--- EXERCISE INSTRUCTIONS ---
Every line in the listing below that holds the word "license" should be returned.

--- SUPPLIED ENTRIES ---
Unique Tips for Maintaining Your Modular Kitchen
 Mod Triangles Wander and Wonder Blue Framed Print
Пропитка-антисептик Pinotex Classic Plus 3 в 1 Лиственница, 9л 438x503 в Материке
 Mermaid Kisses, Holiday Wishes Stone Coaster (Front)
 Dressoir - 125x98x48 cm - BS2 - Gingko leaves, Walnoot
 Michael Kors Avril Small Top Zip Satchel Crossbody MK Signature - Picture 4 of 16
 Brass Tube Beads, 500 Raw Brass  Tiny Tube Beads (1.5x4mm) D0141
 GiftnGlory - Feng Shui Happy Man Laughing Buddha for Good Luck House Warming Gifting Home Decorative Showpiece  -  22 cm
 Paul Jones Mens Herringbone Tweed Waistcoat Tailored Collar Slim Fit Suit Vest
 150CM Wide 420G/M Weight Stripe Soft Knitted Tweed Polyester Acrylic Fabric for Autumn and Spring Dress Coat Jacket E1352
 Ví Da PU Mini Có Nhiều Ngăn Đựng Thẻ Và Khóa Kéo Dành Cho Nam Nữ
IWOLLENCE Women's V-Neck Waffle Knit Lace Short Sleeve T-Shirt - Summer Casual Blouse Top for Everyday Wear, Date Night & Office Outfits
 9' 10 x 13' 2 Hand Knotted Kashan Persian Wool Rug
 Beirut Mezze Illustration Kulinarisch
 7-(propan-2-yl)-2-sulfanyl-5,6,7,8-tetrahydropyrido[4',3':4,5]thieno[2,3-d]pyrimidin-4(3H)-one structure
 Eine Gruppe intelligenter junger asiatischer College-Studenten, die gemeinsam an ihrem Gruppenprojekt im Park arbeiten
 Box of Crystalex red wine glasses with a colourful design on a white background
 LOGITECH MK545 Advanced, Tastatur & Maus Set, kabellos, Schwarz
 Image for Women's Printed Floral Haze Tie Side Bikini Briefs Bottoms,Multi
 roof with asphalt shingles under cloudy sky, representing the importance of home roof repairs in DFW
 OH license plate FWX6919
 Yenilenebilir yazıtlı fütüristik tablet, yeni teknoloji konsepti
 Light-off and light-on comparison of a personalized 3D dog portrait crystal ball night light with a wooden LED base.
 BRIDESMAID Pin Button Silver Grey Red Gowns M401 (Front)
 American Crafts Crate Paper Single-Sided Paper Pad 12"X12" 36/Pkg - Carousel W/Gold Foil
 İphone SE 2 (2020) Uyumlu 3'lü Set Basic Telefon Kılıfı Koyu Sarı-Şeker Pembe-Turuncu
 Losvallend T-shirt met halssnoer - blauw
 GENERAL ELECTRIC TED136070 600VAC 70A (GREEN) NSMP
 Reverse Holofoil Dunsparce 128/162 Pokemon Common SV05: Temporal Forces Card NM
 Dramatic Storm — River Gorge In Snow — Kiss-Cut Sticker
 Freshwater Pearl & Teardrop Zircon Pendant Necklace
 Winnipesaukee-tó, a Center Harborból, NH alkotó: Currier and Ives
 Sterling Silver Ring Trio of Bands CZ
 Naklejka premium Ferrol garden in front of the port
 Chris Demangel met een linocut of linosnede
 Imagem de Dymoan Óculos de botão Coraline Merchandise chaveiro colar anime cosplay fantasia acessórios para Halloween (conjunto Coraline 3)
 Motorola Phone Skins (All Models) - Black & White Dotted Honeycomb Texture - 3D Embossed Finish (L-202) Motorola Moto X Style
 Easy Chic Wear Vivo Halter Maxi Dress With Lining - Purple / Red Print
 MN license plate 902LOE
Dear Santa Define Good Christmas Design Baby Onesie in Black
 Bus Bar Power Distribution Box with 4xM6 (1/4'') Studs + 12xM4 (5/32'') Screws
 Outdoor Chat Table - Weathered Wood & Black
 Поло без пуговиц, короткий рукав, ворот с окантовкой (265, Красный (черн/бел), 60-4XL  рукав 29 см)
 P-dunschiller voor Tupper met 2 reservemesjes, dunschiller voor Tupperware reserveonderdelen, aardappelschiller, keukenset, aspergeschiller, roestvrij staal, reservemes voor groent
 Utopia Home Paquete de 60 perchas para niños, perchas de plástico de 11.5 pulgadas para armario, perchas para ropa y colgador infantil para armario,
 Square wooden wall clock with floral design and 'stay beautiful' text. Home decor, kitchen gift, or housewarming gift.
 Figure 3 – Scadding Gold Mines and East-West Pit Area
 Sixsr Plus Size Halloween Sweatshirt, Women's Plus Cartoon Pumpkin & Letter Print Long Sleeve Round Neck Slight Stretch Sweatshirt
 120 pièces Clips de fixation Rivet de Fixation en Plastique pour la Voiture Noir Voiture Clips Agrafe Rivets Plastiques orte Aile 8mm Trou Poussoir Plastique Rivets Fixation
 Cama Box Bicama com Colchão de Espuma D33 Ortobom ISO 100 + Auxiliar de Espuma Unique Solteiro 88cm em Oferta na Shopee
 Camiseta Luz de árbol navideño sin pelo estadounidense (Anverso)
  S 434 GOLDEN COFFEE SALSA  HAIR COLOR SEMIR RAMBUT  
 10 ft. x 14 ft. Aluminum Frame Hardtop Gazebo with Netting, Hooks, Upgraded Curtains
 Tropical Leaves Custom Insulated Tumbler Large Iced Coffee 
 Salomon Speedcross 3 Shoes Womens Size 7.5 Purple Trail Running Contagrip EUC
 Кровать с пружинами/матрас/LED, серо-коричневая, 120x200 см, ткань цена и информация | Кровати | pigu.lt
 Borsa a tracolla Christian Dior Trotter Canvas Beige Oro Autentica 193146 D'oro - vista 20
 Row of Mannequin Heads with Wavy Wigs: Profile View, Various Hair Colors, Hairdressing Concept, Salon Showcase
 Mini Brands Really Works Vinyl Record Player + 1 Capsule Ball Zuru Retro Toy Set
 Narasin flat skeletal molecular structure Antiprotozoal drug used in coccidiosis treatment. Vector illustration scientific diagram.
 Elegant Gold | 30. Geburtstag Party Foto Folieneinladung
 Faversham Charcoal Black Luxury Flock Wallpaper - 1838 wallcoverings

--- COMPLETED TASK ---
 OH license plate FWX6919
 MN license plate 902LOE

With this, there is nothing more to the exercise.